** Listed entries **

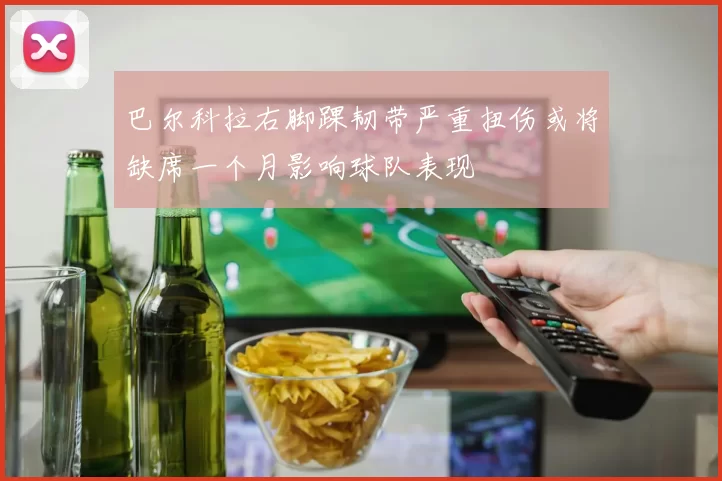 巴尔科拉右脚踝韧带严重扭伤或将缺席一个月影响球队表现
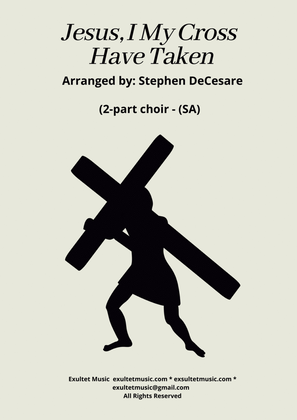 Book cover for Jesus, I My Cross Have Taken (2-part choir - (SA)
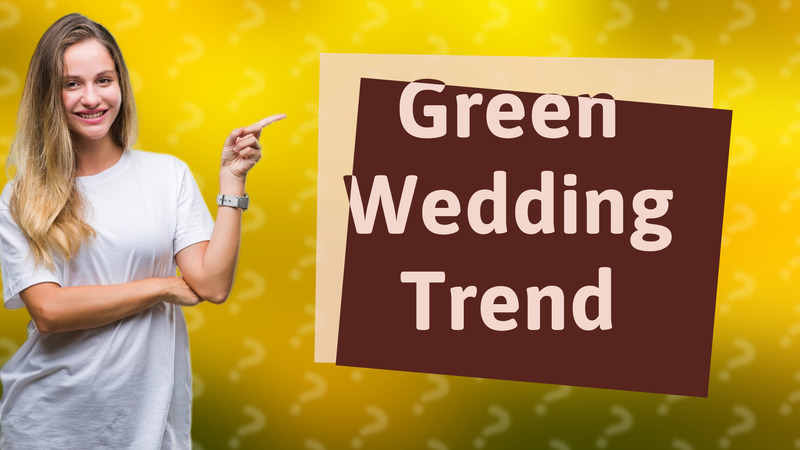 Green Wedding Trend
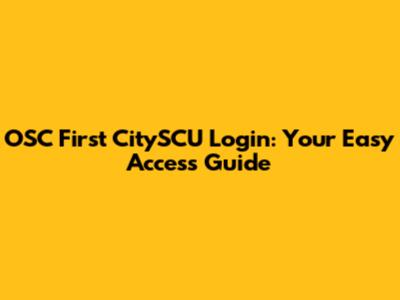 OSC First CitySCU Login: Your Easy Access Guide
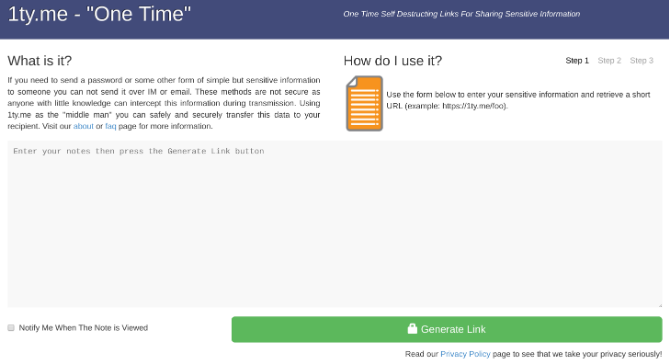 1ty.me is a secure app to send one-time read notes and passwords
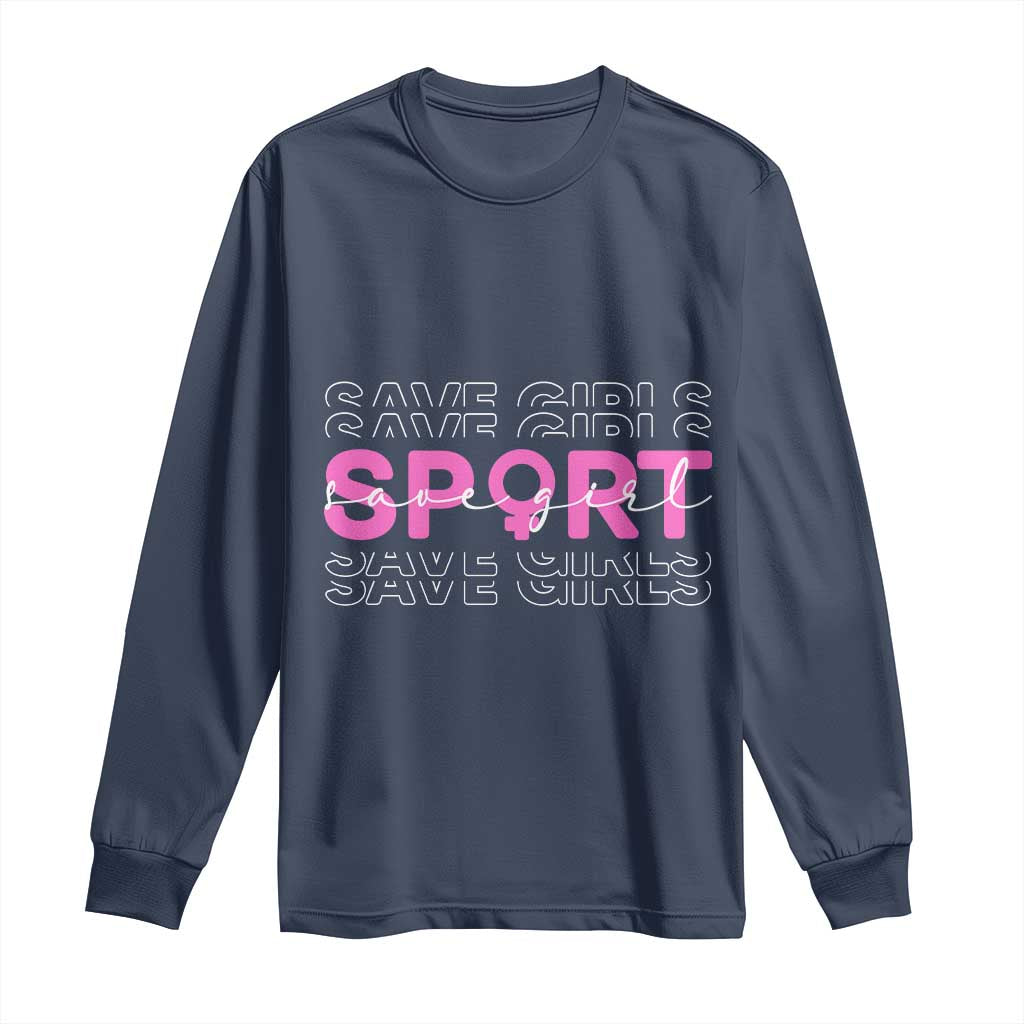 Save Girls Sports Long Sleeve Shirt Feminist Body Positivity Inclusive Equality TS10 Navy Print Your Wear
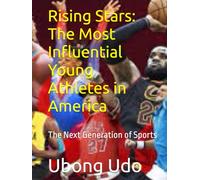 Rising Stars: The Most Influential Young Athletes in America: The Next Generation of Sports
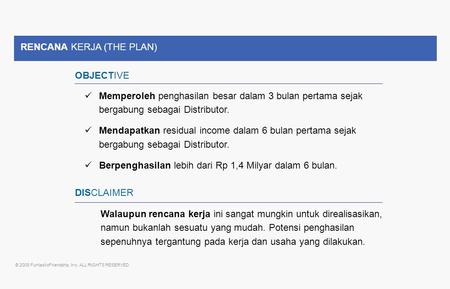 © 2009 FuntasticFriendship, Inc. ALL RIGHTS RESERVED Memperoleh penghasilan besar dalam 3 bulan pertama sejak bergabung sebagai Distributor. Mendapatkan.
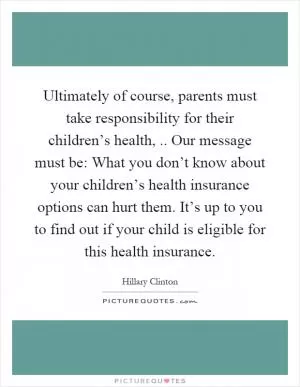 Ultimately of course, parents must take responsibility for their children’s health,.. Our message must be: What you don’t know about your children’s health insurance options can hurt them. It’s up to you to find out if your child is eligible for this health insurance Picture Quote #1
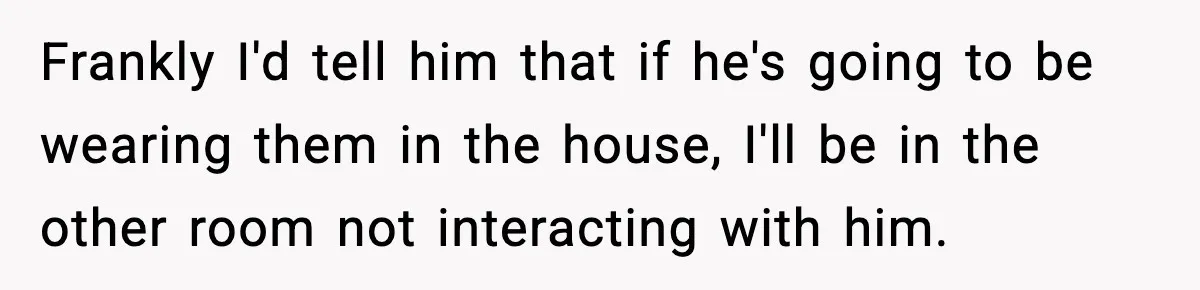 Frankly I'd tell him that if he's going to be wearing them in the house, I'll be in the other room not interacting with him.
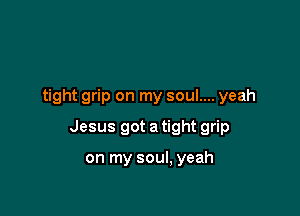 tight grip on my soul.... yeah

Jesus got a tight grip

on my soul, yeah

...

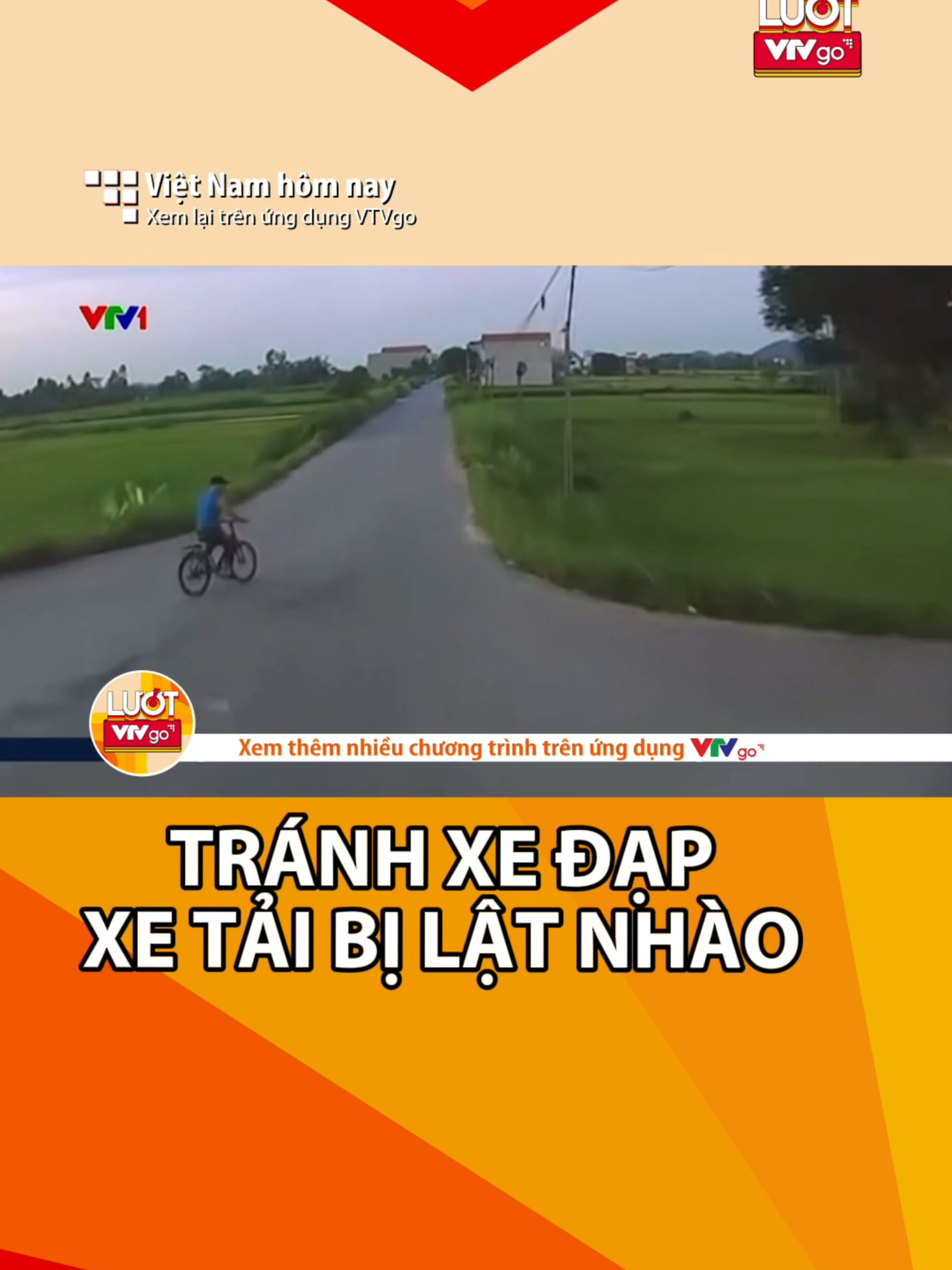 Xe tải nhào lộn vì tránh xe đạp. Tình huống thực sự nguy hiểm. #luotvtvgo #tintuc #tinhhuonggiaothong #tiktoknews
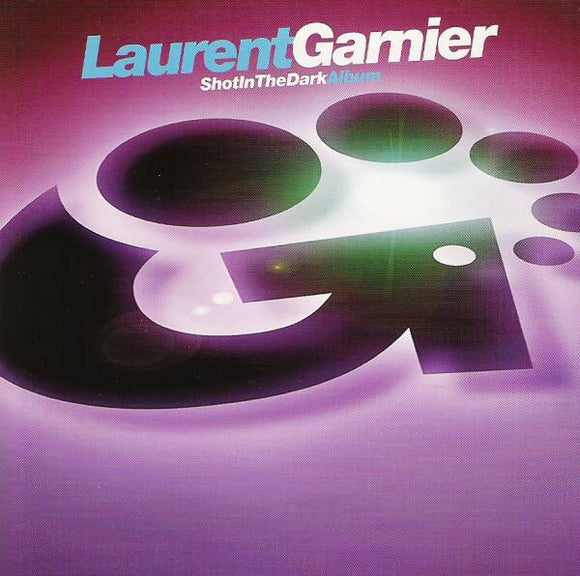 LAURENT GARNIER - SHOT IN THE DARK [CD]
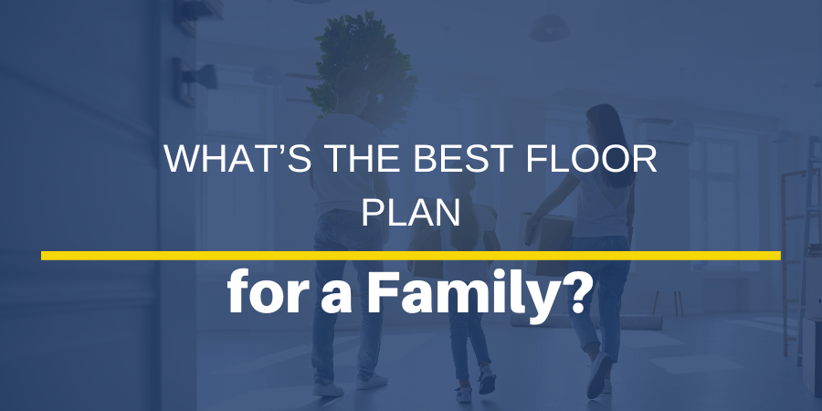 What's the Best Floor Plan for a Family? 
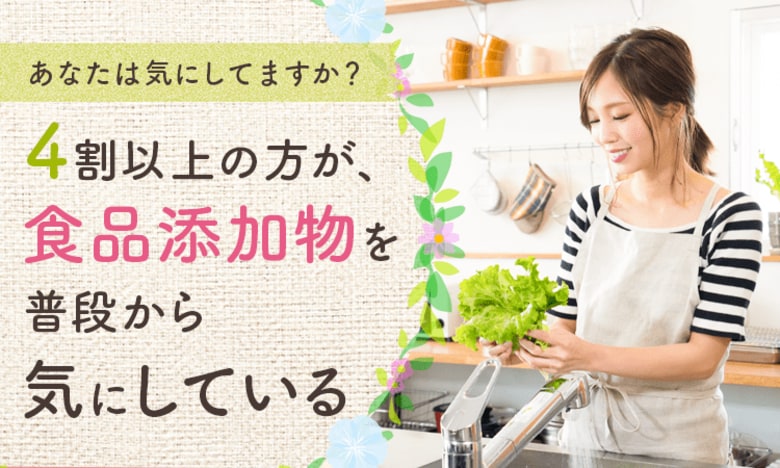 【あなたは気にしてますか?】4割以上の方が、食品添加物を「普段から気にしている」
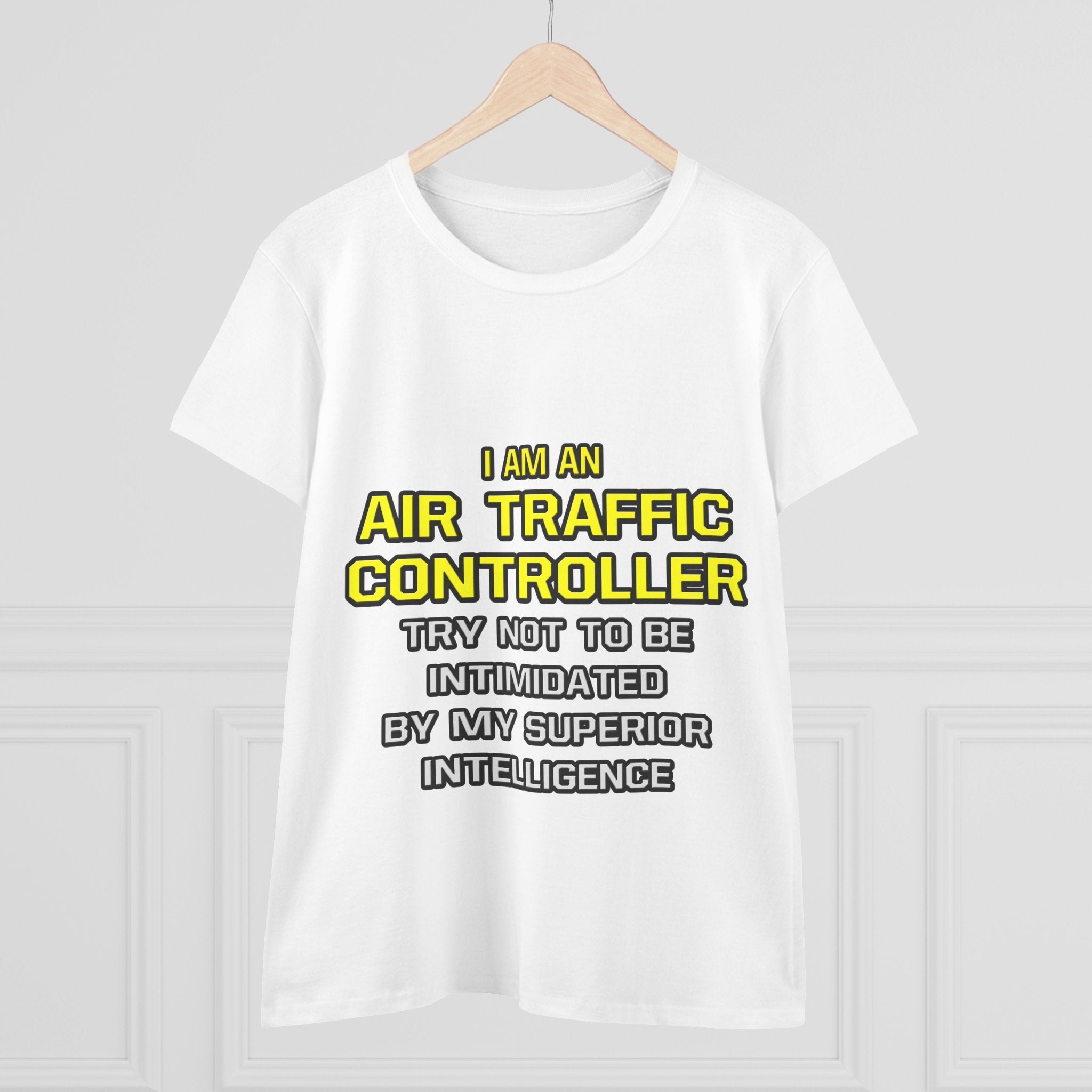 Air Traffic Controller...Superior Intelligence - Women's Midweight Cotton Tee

* * *

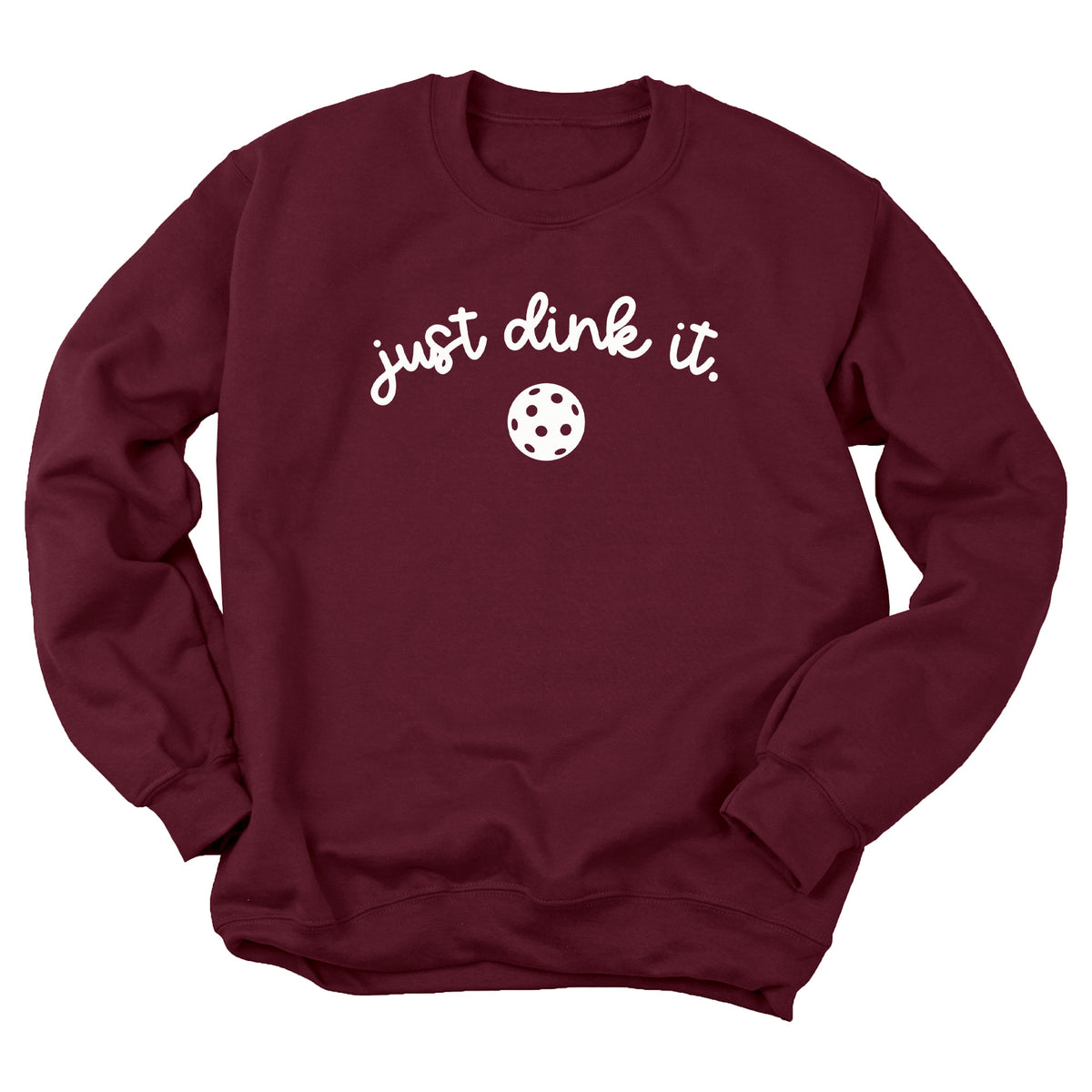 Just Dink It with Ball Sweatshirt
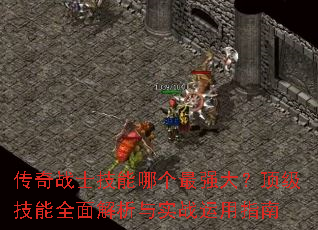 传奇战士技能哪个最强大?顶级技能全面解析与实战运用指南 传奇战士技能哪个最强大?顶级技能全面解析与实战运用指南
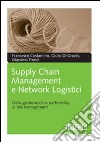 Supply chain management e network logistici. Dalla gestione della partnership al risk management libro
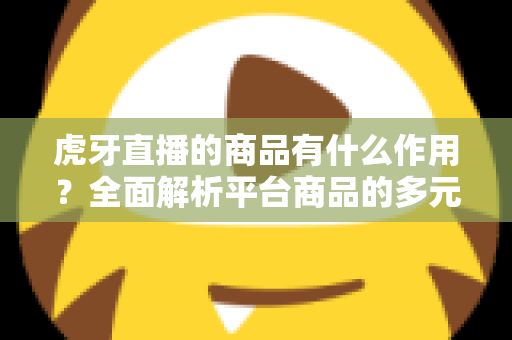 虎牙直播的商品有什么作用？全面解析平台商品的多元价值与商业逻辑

** Assigned task **
What is needed is an exact copy of the lines above from the one with "传奇战士技能哪个最强大?顶级技能全面解析与实战运用指南 传奇战士技能哪个最强大?顶级技能全面解析与实战运用指南" to the one with "虎牙直播的商品有什么作用？全面解析平台商品的多元价值与商业逻辑", both ends kept, and nothing more; please leave the pictures out.

** Solution **
 传奇战士技能哪个最强大?顶级技能全面解析与实战运用指南 传奇战士技能哪个最强大?顶级技能全面解析与实战运用指南
 Supply chain management e network logistici. Dalla gestione della partnership al risk management libro
 虎牙直播的商品有什么作用？全面解析平台商品的多元价值与商业逻辑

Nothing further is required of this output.